The Tessellation #1 marks Phillips’ first outing as a solo writer in comics. But you certainly wouldn’t know it. Phillips’ confidence in storytelling is what makes this issue so compelling. Instead of carefully setting up the rules of this narrative, Phillips throws readers right into the action. We see the life of our protagonist, James Beach, play out. Or maybe “lives” is the better word. At first, the issue seems to be stuck in a loop. The same scenes happen over and over. But as the issue progresses, tiny changes begin to occur. Soon, we’re witnessing massively different versions of one person’s life. And Phillips lets each of these moments speak for themselves. No explanations are provided, no exposition dumps occur. Instead, the reader coaxes answers out of every scene, getting fully immersed in the world this creative team has created.

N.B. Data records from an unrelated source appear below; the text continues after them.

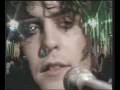 videos de T-REX (METAL GURU)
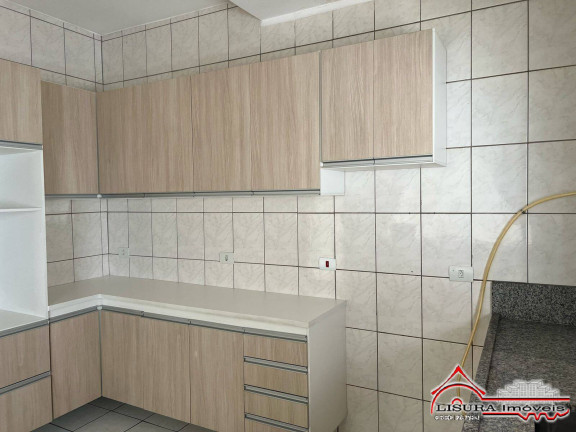 Imagem Casa com 3 Quartos para Alugar, em Jardim Santa Maria - Jacareí Imagem Casa com 3 Quartos para Alugar, em Jardim Santa Maria - Jacareí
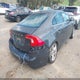 YV1612FS1E2297975 2014 Volvo S60 T5/T5 Platinum/T5 Premier/T5 Premier Plus auction photo thumbnail 4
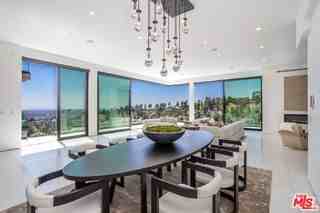 9406 Lloydcrest Dr - Photo 3 of 6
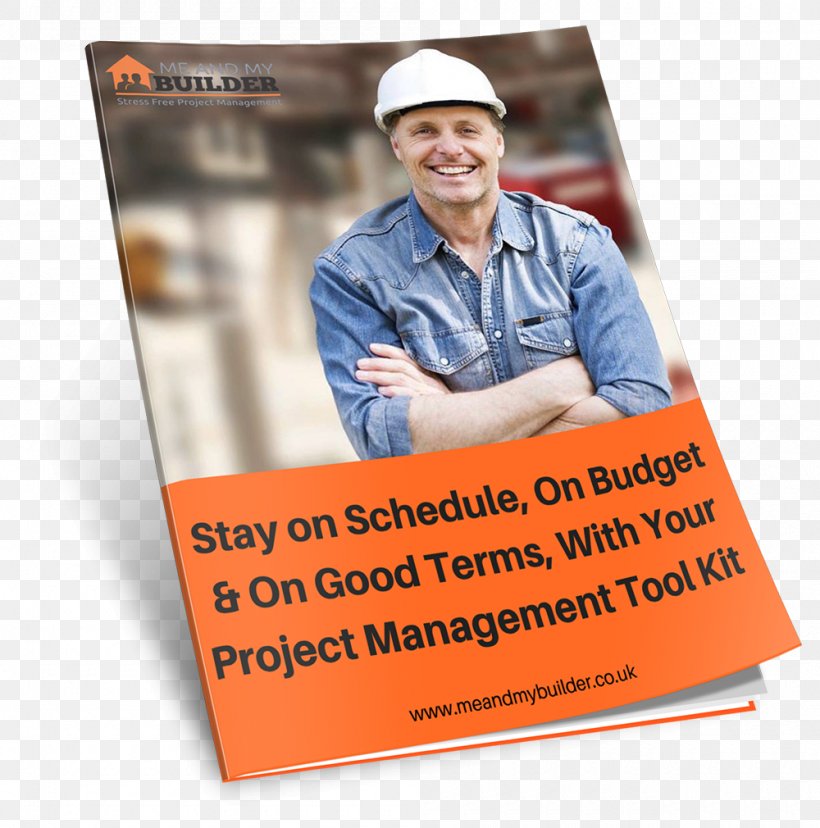 Project Management Schedule Product, PNG, 1000x1010px, Project, Advertising, Brand, Budget, Friendship Download Free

It’s tempting to go into more details about the plot and the incredibly efficient script, but it’s the process of discovering these details that make this such a strong first issue. Phillips is a master of the golden rule of writing: “Show, don’t tell.” What seem like normal conversations are full of subtext. Little quips from characters are actually brilliant tools for Phillips’ worldbuilding. The Tessellation #1 is subtle and explosive, all at the same time.
González creates a visual rhythm in these pages. As the issue begins exploring the idea of multiple realities, we see rows of repeated images. But it’s when these realities begin to diverge that González’s work really shines. An image of a hospital bed is juxtaposed against an image of a bed from a brothel. Similarly, a scene in a graveyard mimics a panel of a couple fighting. The gravestones stand in a similar place in the panel as the couple did before. González seems to be showing that even James’ worst moments have become impossible to get back to. That reality is dead to him now.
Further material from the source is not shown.